> _Exercise brief_
The reply should hold nothing except the lines from the one with "Bản Vẽ Biệt" through the end of the entries, duplicated exactly and with no pictures.

Short descriptive text snippets:
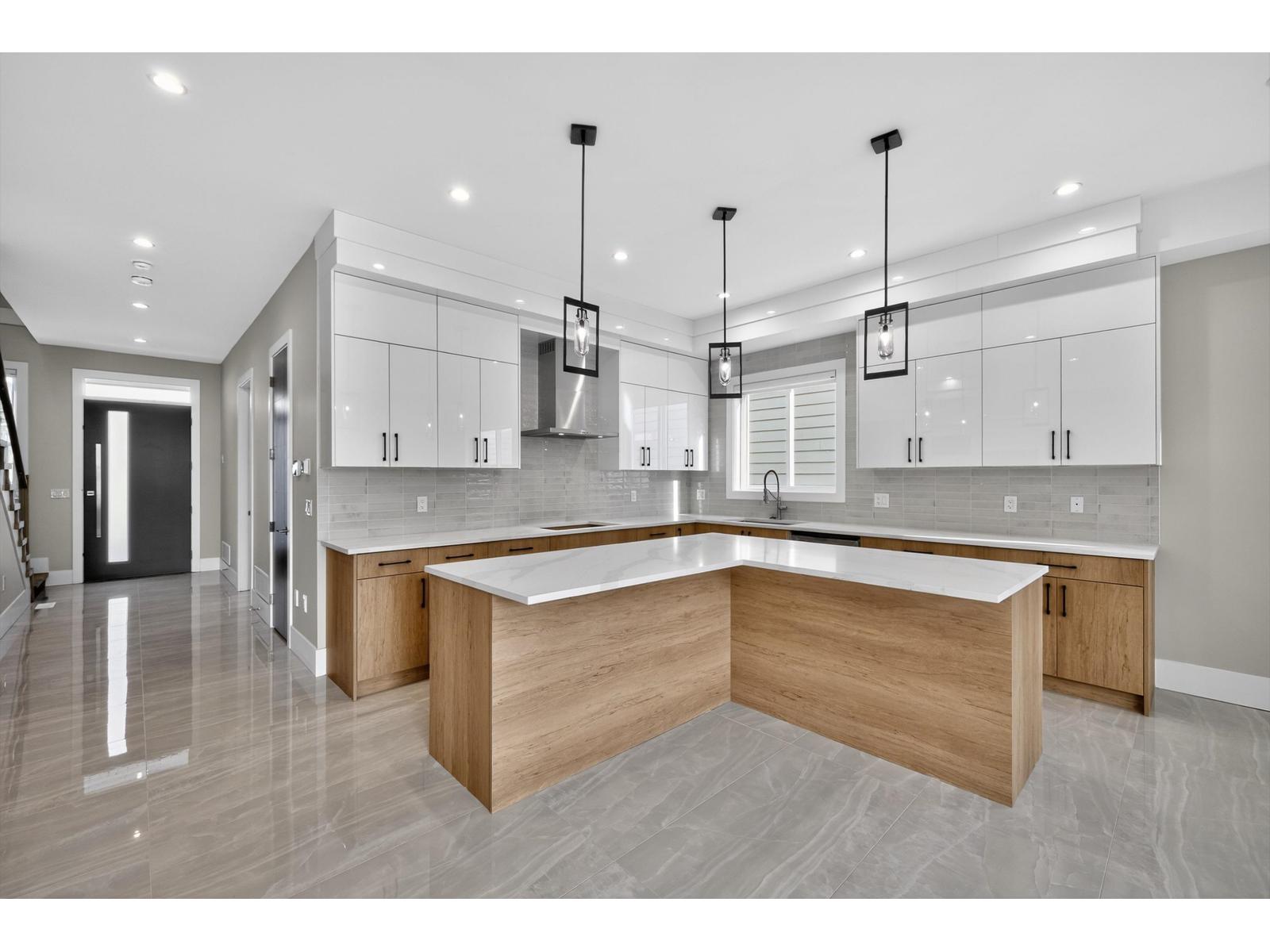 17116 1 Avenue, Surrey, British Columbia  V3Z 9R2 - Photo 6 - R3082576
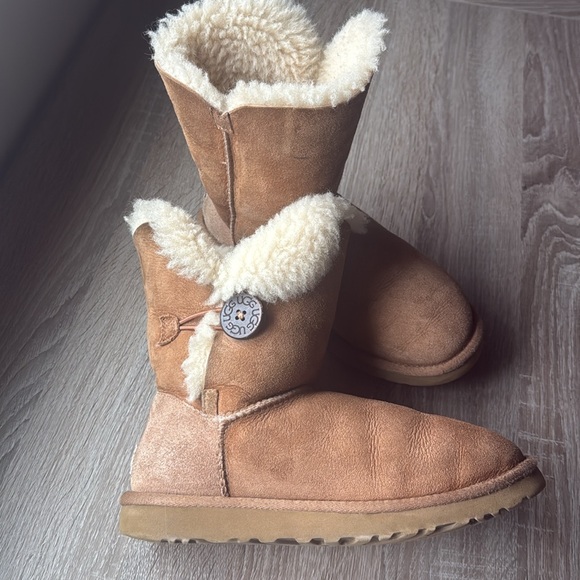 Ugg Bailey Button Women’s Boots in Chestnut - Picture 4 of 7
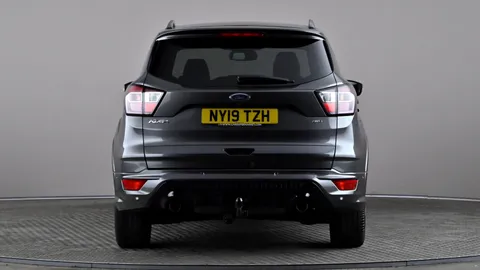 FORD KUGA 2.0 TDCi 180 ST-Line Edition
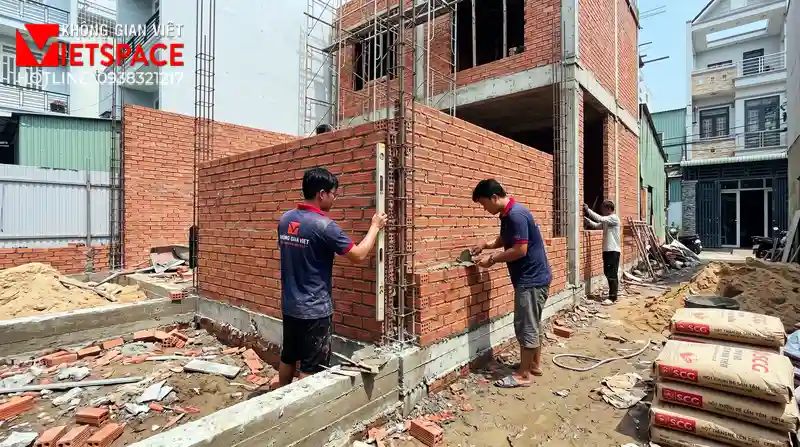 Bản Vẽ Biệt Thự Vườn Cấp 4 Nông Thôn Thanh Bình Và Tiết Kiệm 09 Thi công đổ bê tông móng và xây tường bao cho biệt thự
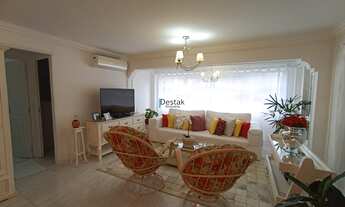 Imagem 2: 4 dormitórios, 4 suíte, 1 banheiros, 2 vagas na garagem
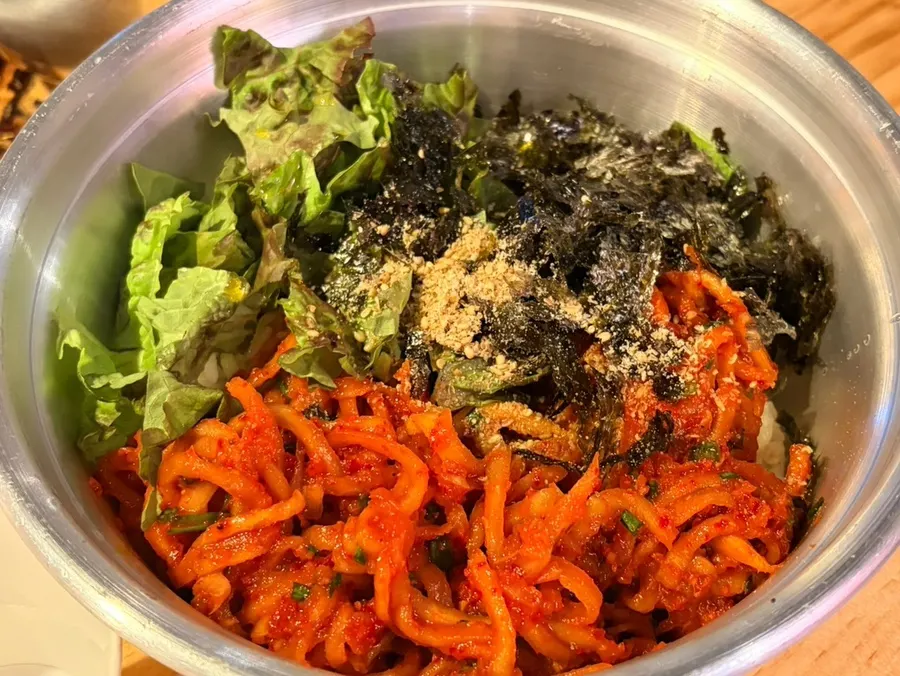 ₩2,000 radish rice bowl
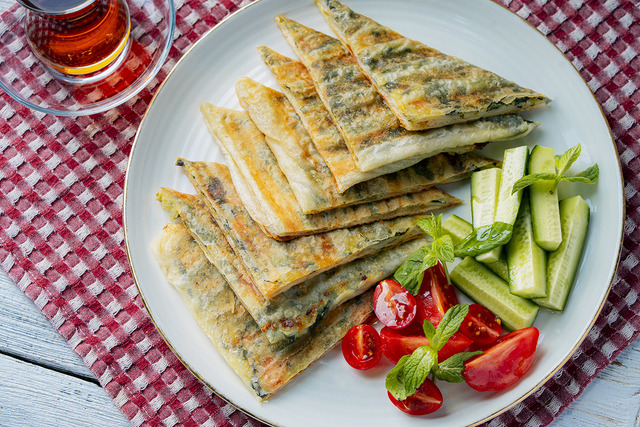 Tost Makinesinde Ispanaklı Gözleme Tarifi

> _Expected answer_
 Bản Vẽ Biệt Thự Vườn Cấp 4 Nông Thôn Thanh Bình Và Tiết Kiệm 09 Thi công đổ bê tông móng và xây tường bao cho biệt thự
 Imagem 2: 4 dormitórios, 4 suíte, 1 banheiros, 2 vagas na garagem
 ₩2,000 radish rice bowl
 Tost Makinesinde Ispanaklı Gözleme Tarifi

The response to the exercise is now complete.